Project description:OBJECTIVES:Cardiogenic shock (CS) complicating ST-elevation myocardial infarction (STEMI) carries an extremely high mortality. The clinical pattern of this life threatening complication has never been described in Malaysian setting. This study is to investigate the incidence, clinical characteristics and outcome of STEMI patients with CS in our population. DESIGN:A retrospective analysis of STEMI patients from 18 hospitals across Malaysia contributing to the Malaysian National Cardiovascular Database-acute coronary syndrome) registry (NCVD-ACS) year 2006-2013. PARTICIPANTS:16?517 patients diagnosed of STEMI from 18 hospitals in Malaysia from the year 2006 to 2013. PRIMARY OUTCOME MEASURES:In-hospital and 30?day post-discharge mortality. RESULTS:CS complicates 10.6% of all STEMIs in this study. They had unfavourable premorbid conditions and poor outcomes. The in-hospital mortality rate was 34.1% which translates into a 7.14 times mortality risk increment compared with STEMI without CS. Intravenous thrombolysis remained as the main urgent reperfusion modality.
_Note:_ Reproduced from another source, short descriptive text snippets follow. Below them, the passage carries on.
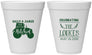 Personalized Wedding 12 oz Foam Cups - Tractor | 381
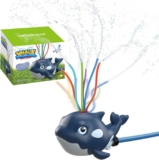 Water Sprinkler for Kids, Fire Hydrant Water Toy Hose Sprinkler Garden Spinning Sprinkler for Kid, Summer Outdoor Sprinkler Toys for Boy/Girls Gift 3-10 Years Old with Storage Bag (Whale)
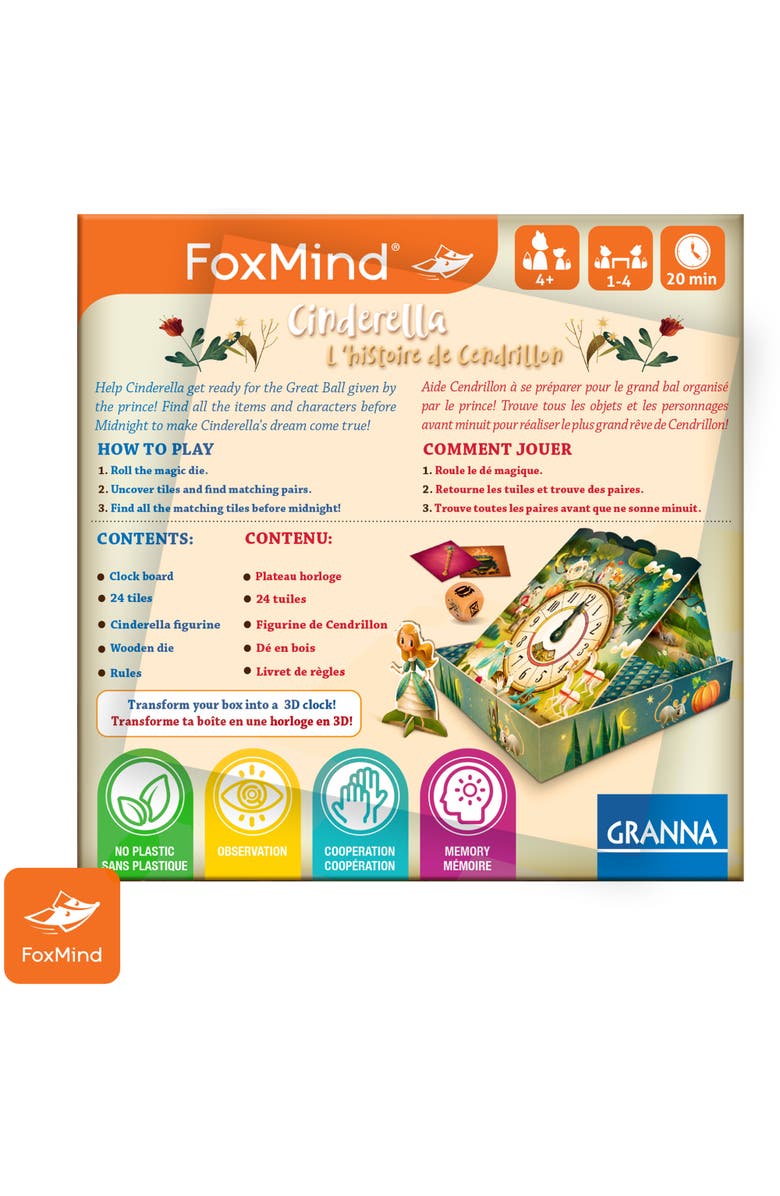 FoxMind Cinderella Foxmind Games, Granna Fairytale Series Tilelaying Boardgame, Alternate, color,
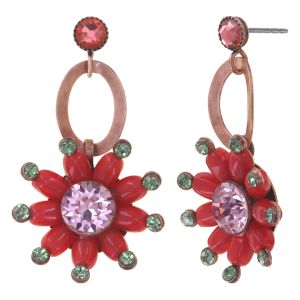 Boucles d'oreilles Konplott Daisy Riot red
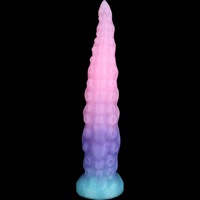 SM Stimulateur Anal en Silicone, Plug Anal Tentacule d'Octopus Spatial, Dilatateur Anal, Jouet Sexuel Adulte Extra-large Extra-long, Transfrontalier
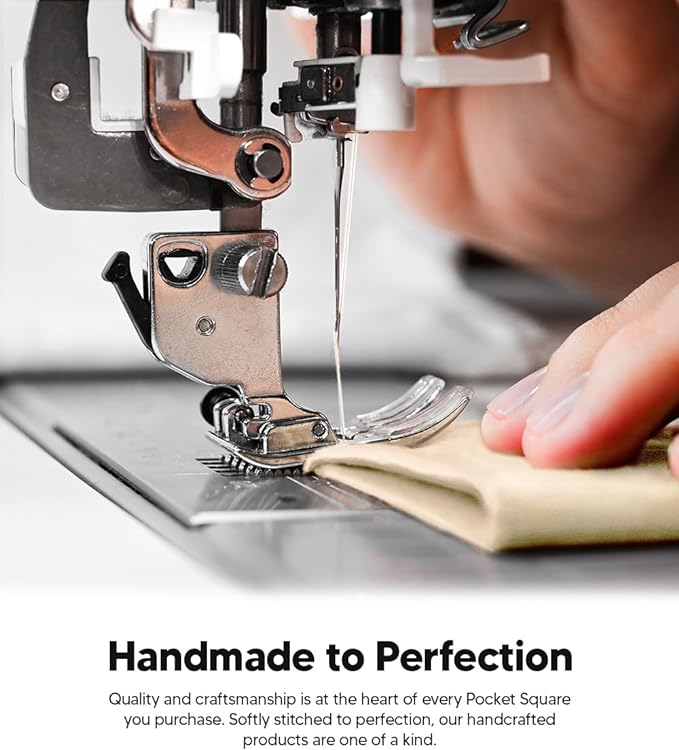 Vittorio Farina Men's Silky Satin Square Pocket Square - Beige - Pocket Square - Vittorio Farina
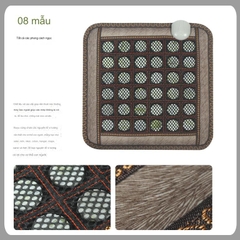 {Đủ Mẫu} Thảm Đệm Ấm Ngọc Bích Vuông 45 x 45 cm Đá Nóng Hàn Quốc, Nệm Sưởi Ấm Massage Trị Liệu 220V Món Quà Sức Khoẻ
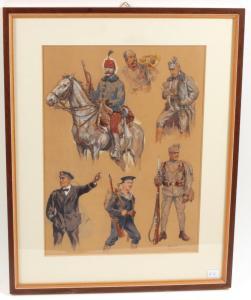 PRINTZ Hans 1865-1925,Soldiers,Palais Dorotheum AT 2014-10-02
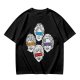Olive T-Shirt With Golden Girls Ninja Turtle Masks Graphic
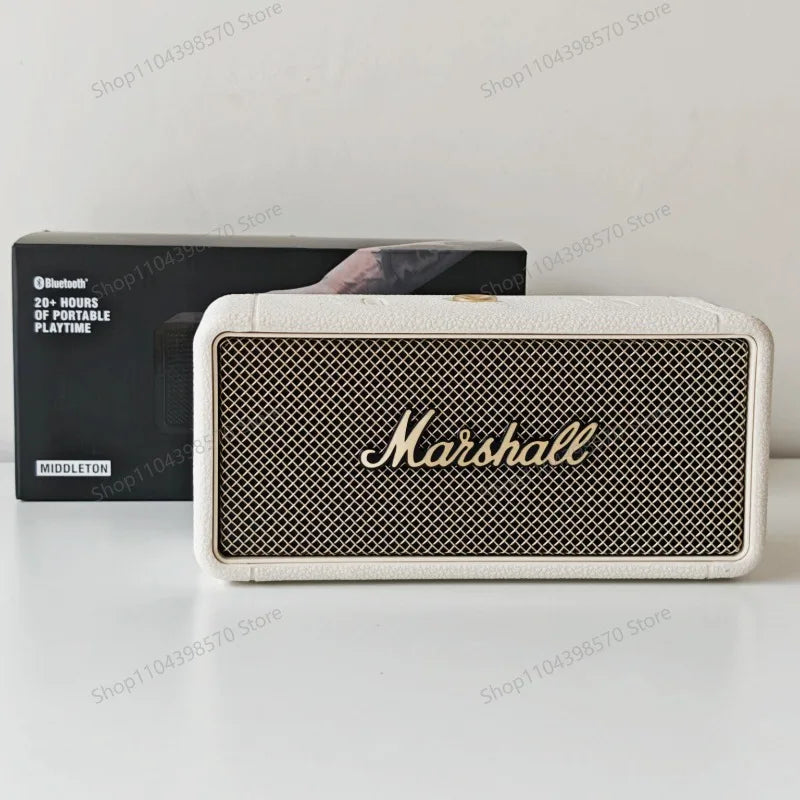 New Marshall Middleton Bluetooth Speaker Stereo Bass Outdoor Portable Lanyard Speaker IPX7 Waterproof Subwoofer HK Version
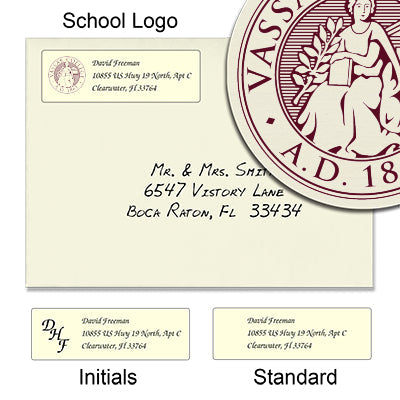 Vassar College Return Address Labels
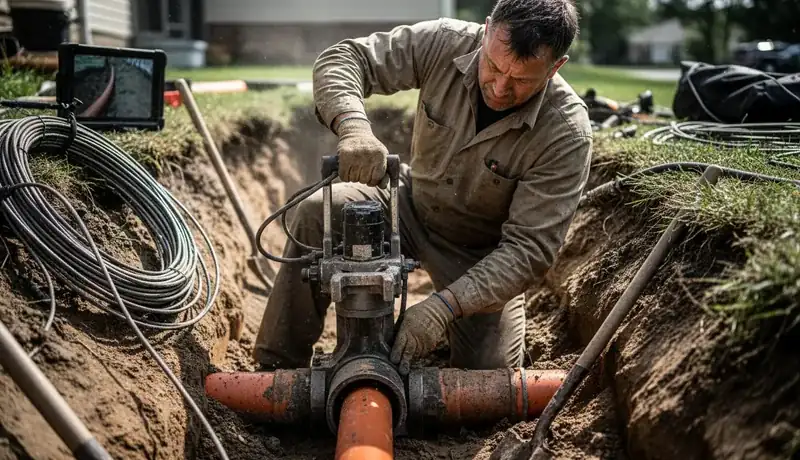 Sewer Line Repair services in Marshall, CA.
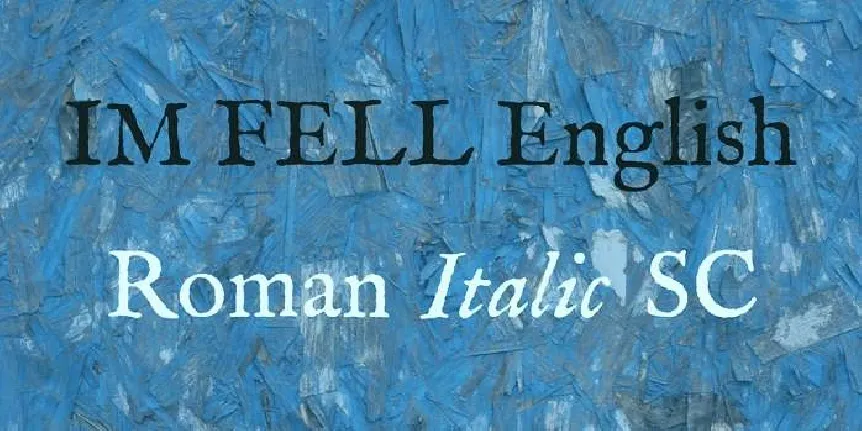 IM Fell English SC font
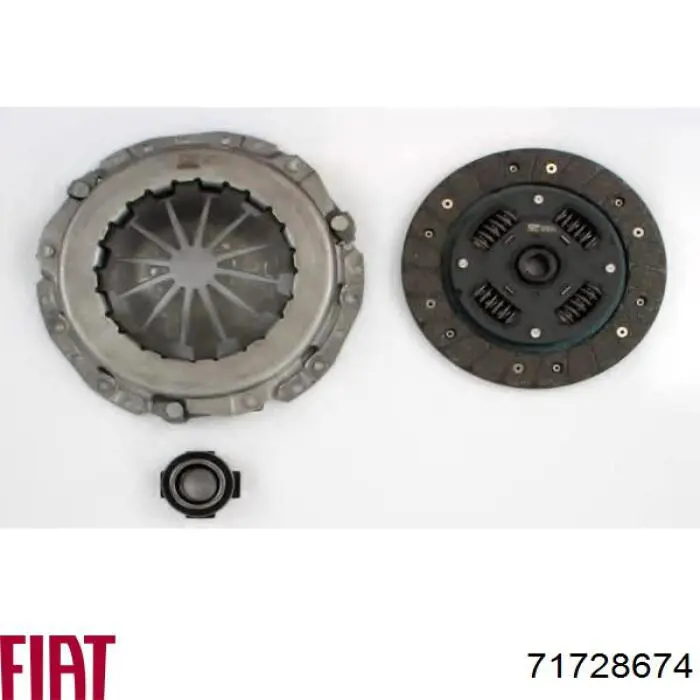 71728674 Fiat/Alfa/Lancia kit de embrague (3 partes)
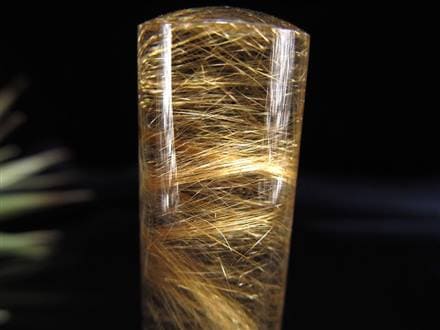 ゴールドルチルクォーツ 認印 銀行印 実印 印材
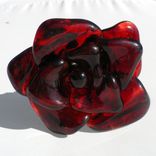 Extra Large Long-Stemmed Red Glass Rose "Forever Untamed Rose'' 1 small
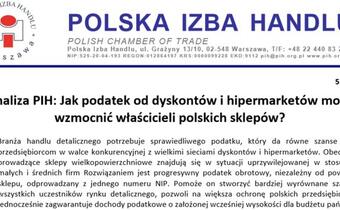 Polska Izba Handlu: Jak podatek od dyskontów i hipermarketów może wzmocnić właścicieli polskich sklepów? ANALIZA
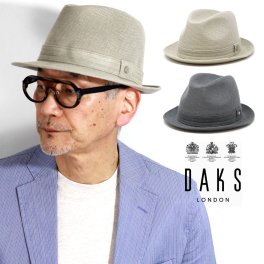 BL型 DAKS メンズ ハット ブランド 中折れ帽子 メンズ ダックス パナマガーゼ ハット メンズ 紳士 春夏帽子 DAKS 帽子 メンズ 中折れ帽 中折れハット メンズ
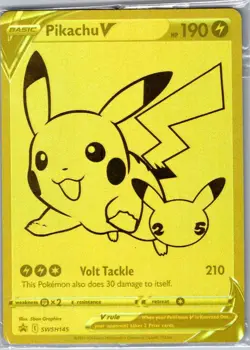 Pikachu V - SWSH145 SWSH: Sword & Shield Promo Cards - Pokemon Card - Sealed - Image 1
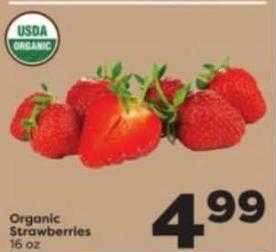 Weis Markets Organic strawberries offer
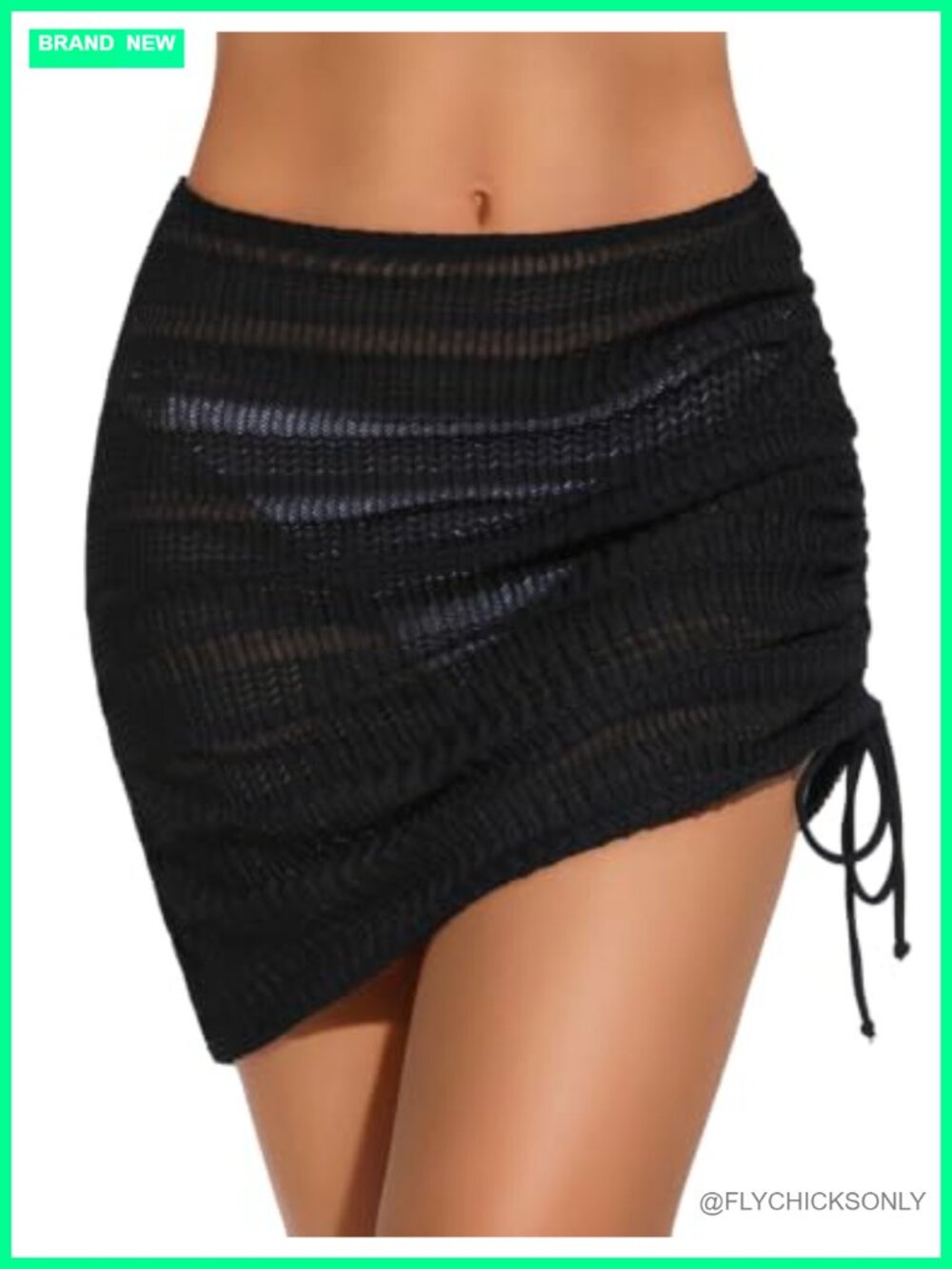 Women's Sarong Coverup Drawstring Wrap Skirt S-XXL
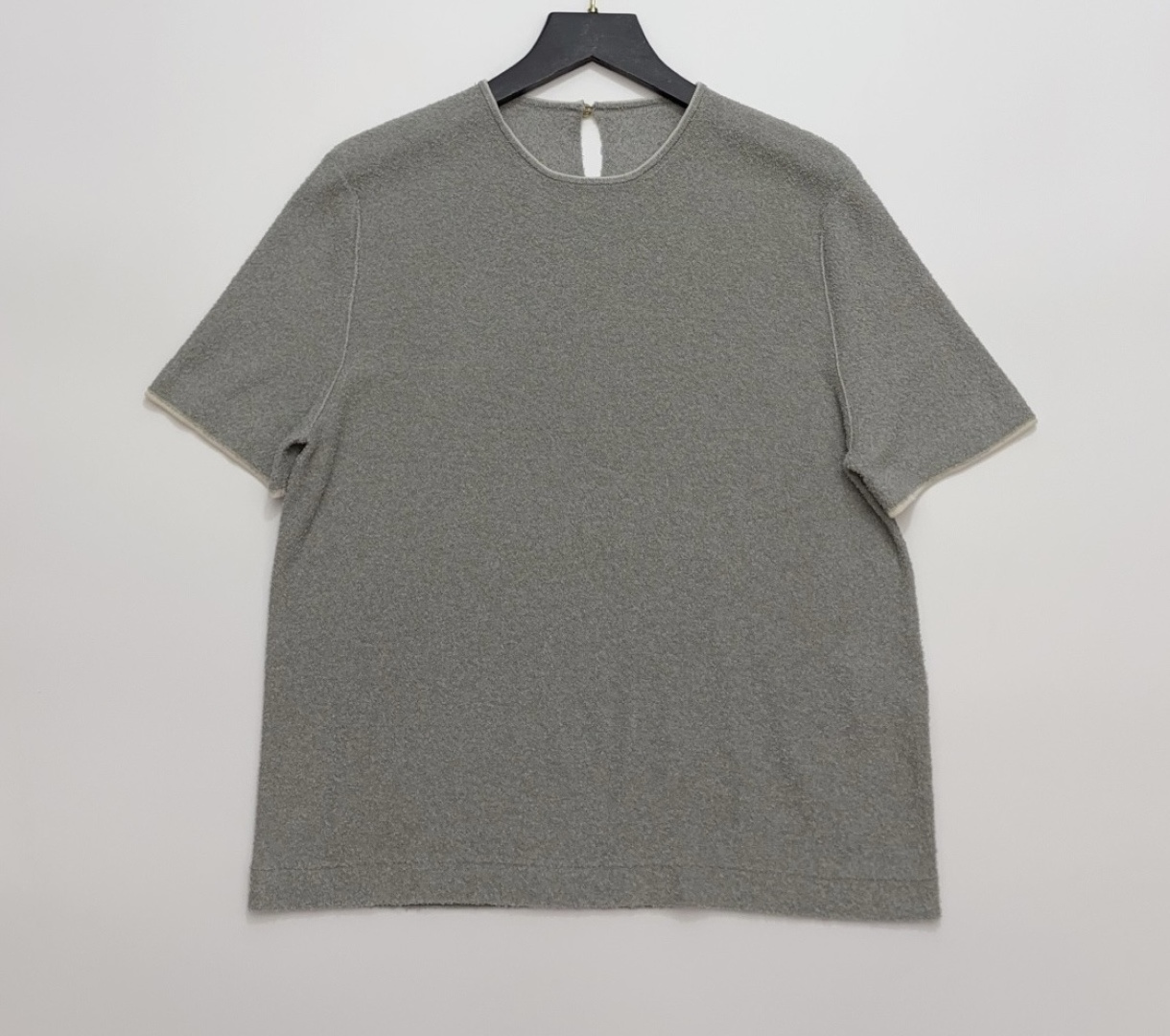 Loro Piana Silk Cotton Blend Crewneck Loose Short Sleeve T-Shirt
Percutaneous coronary interventions (PCI) in CS conferred a 40% risk reduction over non-invasive therapy but were only done in 33.6% of cases. Age over 65, diabetes mellitus, hypertension, chronic lung and kidney disease conferred higher risk of mortality. CONCLUSION:Mortality rates of CS complicating STEMI in Malaysia are high. In-hospital PCI confers a 40% mortality risk reduction but the rate of PCI among our patients with CS complicating STEMI is still low. Efforts are being made to increase access to invasive therapy for these patients.